Using the records below, give again exactly the lines from the line that contains "Oval Cut Victorian" through the line that contains "Gay Wedding Cake", both ends included, and only those.

*** Source records ***

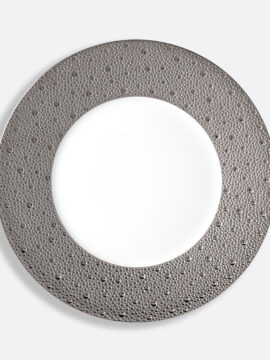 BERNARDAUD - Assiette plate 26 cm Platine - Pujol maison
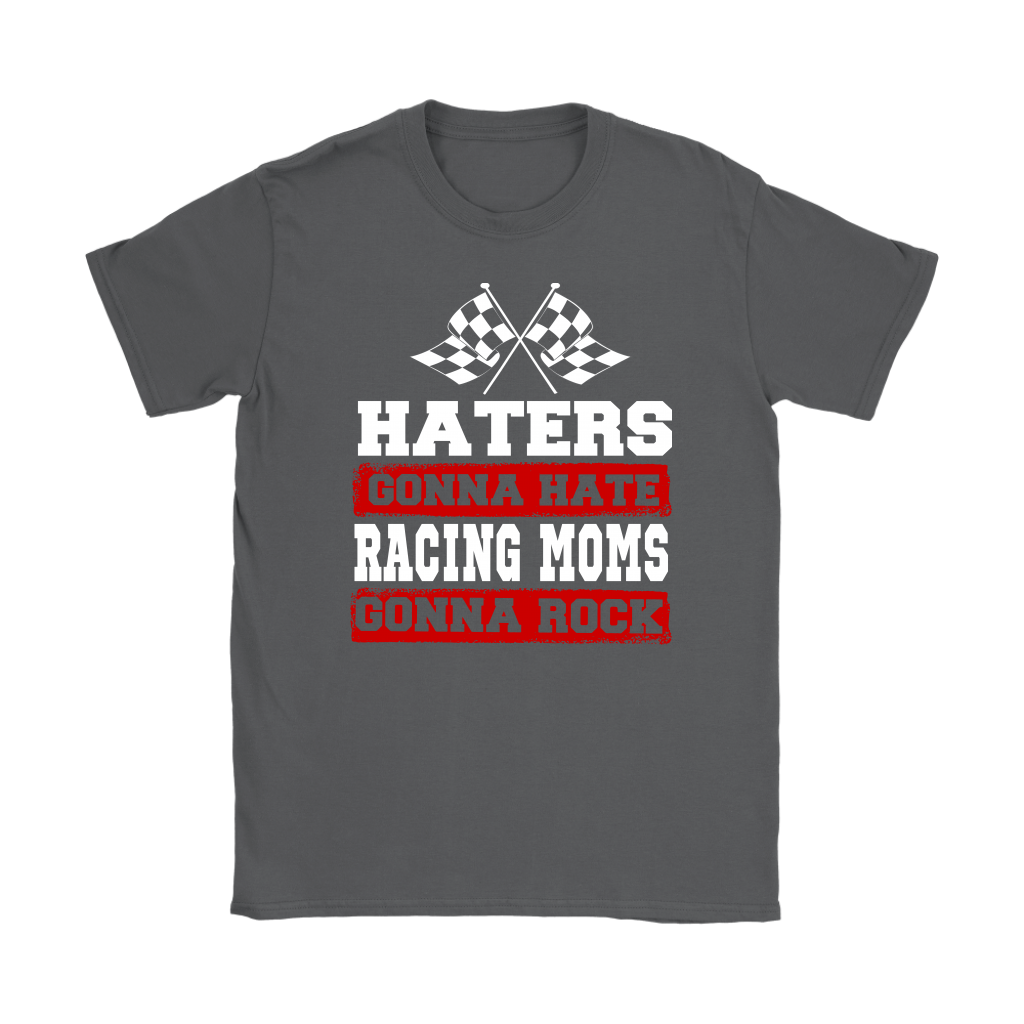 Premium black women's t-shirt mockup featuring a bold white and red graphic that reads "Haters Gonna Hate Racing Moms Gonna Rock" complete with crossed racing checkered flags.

*** End of Source records ***
*** Source records ***

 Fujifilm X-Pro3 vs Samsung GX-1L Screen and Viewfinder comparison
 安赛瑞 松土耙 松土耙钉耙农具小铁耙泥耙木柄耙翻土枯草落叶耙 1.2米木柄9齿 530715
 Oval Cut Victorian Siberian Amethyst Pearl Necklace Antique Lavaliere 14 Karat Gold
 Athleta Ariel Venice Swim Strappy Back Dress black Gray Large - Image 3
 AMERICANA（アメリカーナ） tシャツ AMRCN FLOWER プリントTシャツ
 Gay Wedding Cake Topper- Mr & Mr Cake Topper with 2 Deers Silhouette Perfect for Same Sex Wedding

*** End of Source records ***
*** Source records ***

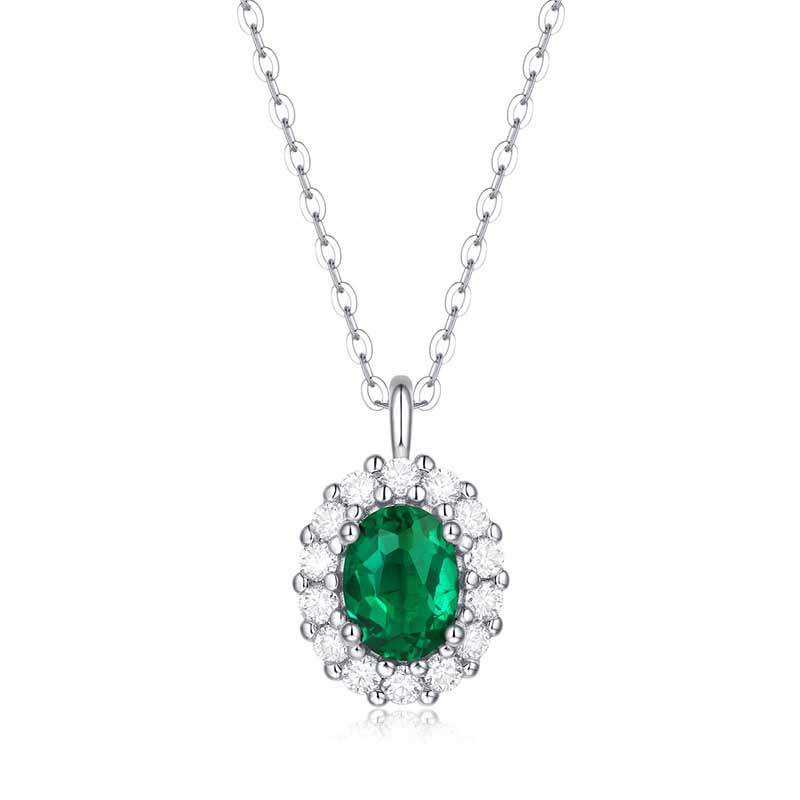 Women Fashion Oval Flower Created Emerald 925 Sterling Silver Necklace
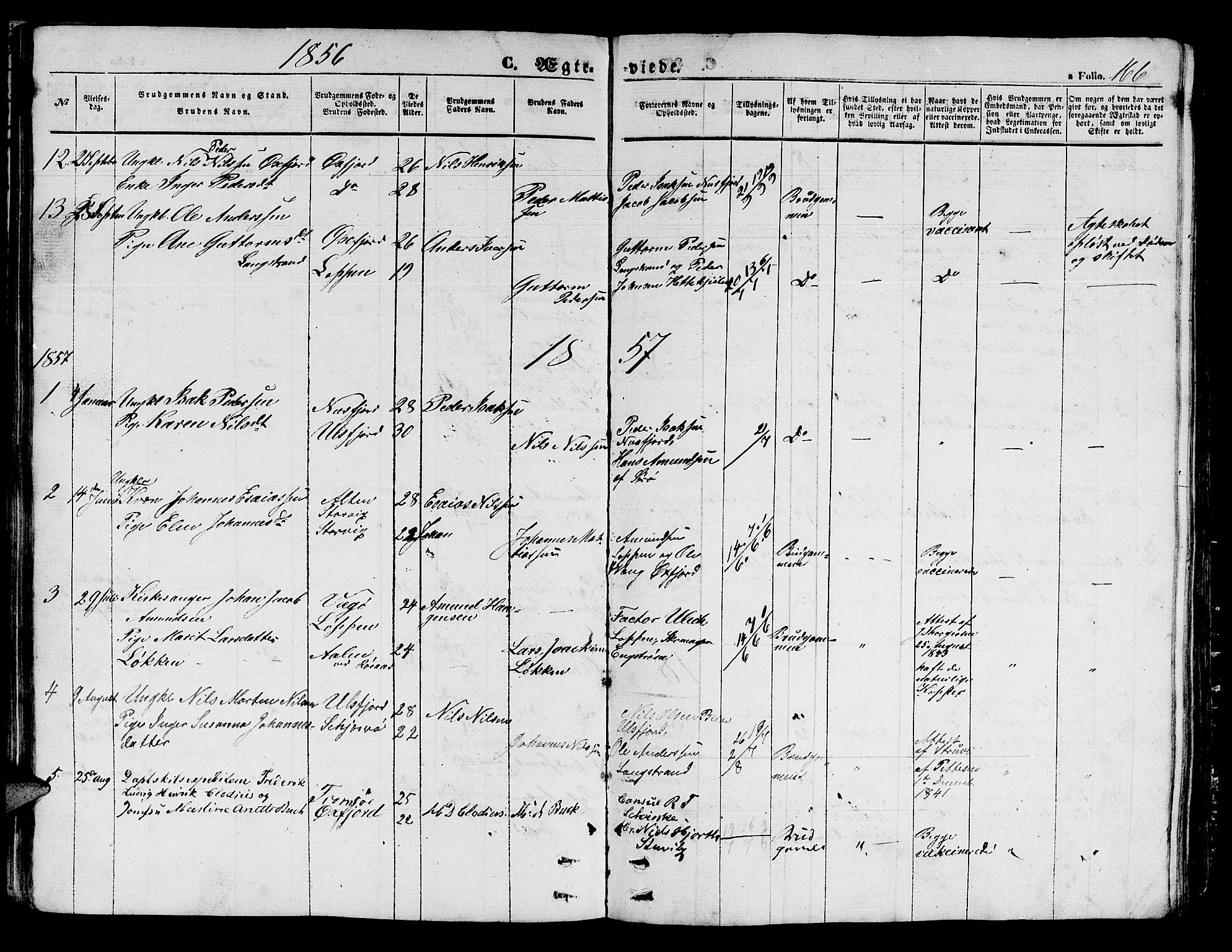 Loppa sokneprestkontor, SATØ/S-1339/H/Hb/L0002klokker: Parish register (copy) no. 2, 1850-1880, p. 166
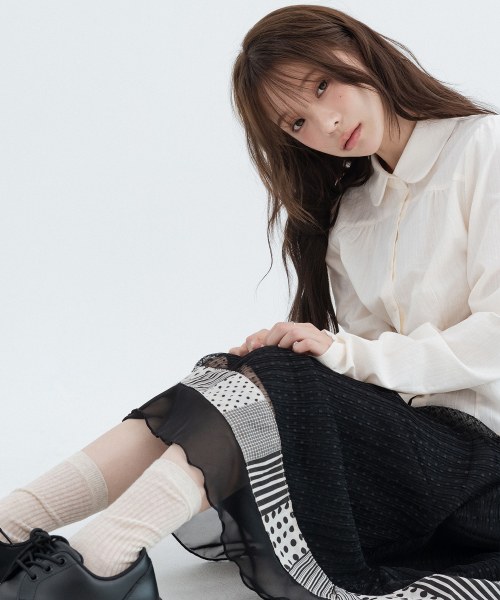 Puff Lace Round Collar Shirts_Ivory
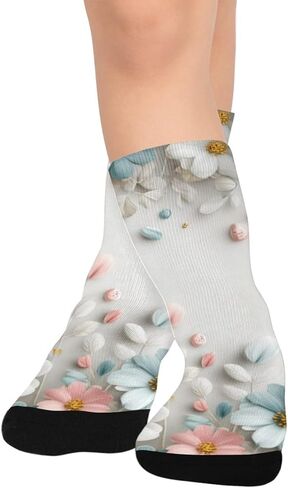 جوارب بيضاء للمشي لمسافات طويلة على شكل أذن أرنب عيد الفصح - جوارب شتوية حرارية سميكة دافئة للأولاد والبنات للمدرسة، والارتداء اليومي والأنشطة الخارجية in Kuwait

*** End of Source records ***

== Solution ==
 Oval Cut Victorian Siberian Amethyst Pearl Necklace Antique Lavaliere 14 Karat Gold
 Athleta Ariel Venice Swim Strappy Back Dress black Gray Large - Image 3
 AMERICANA（アメリカーナ） tシャツ AMRCN FLOWER プリントTシャツ
 Gay Wedding Cake Topper- Mr & Mr Cake Topper with 2 Deers Silhouette Perfect for Same Sex Wedding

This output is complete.